■ **Exercise objective**: Keeping every word the same, give again only the lines from the one with "silhouette of business" through the end of the data, both included, and leave every picture out.

(Short web captions)
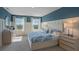Relaxing main bedroom with a king-size bed and water view at 1332 Hanoverian Dr, Lake Alfred, FL 33850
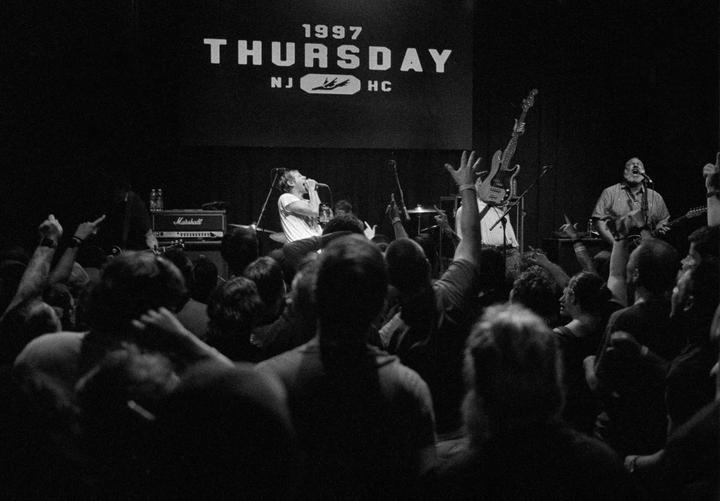 A band performs on stage in front of a crowd with a banner that reads "1997 THURSDAY NJ HC" in the background.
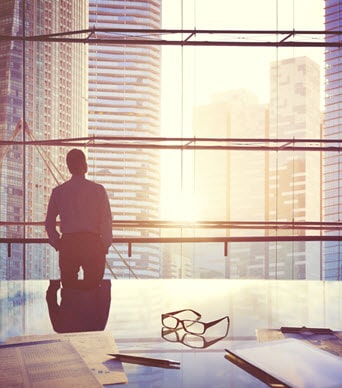 silhouette of business man standing in front of large city office window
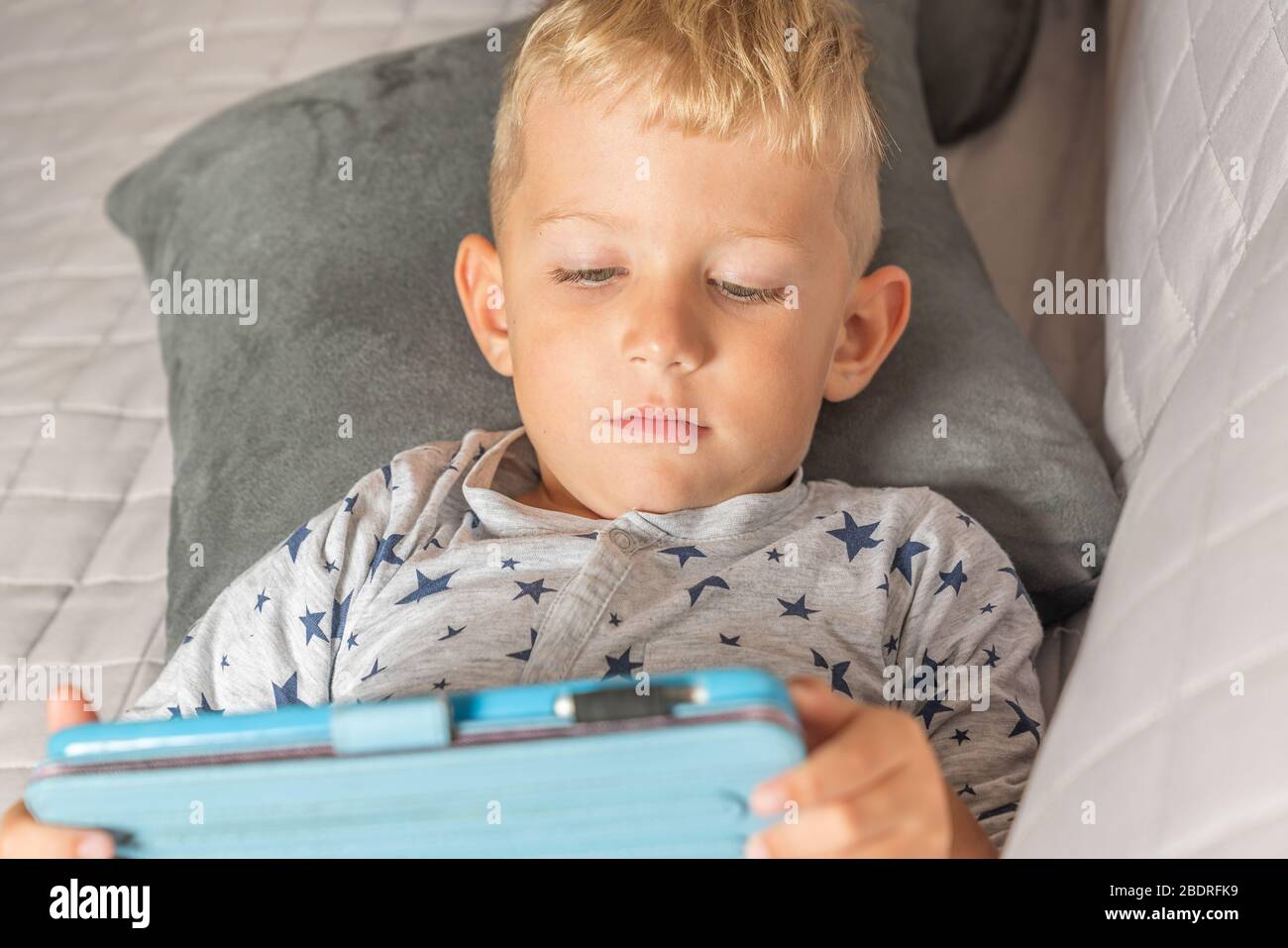 Caucasian baby boy using digital tablet while lying on bed at home Stock Photo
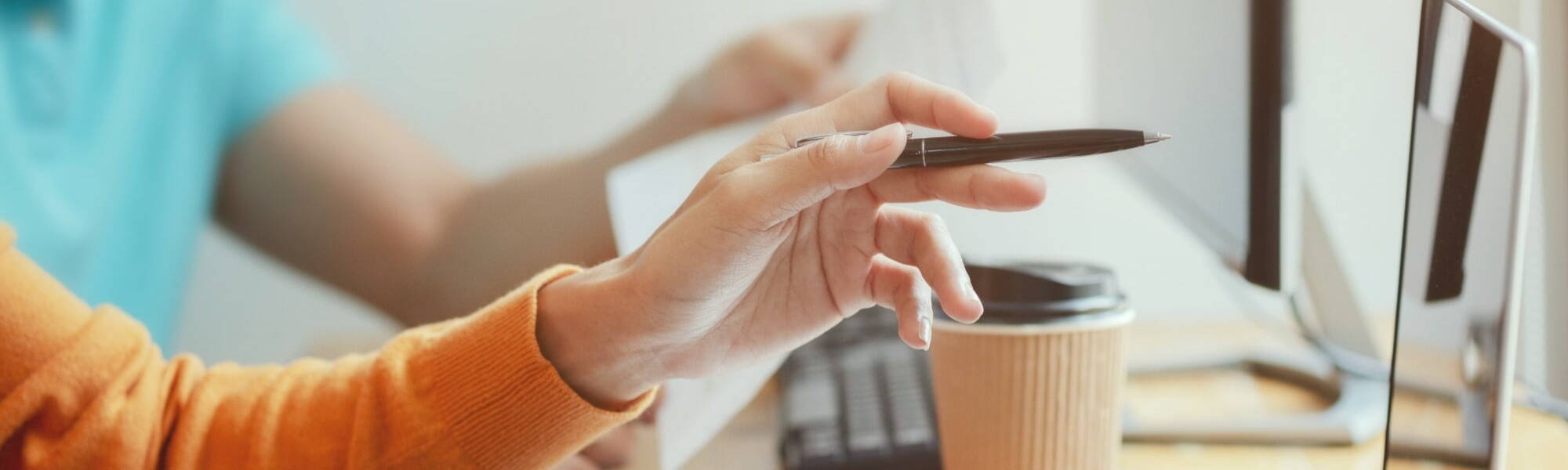 Close up of woman's hand wearing orange jumper holding pen pointing at laptop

■ **Solution below**:
 silhouette of business man standing in front of large city office window
 Caucasian baby boy using digital tablet while lying on bed at home Stock Photo
 Close up of woman's hand wearing orange jumper holding pen pointing at laptop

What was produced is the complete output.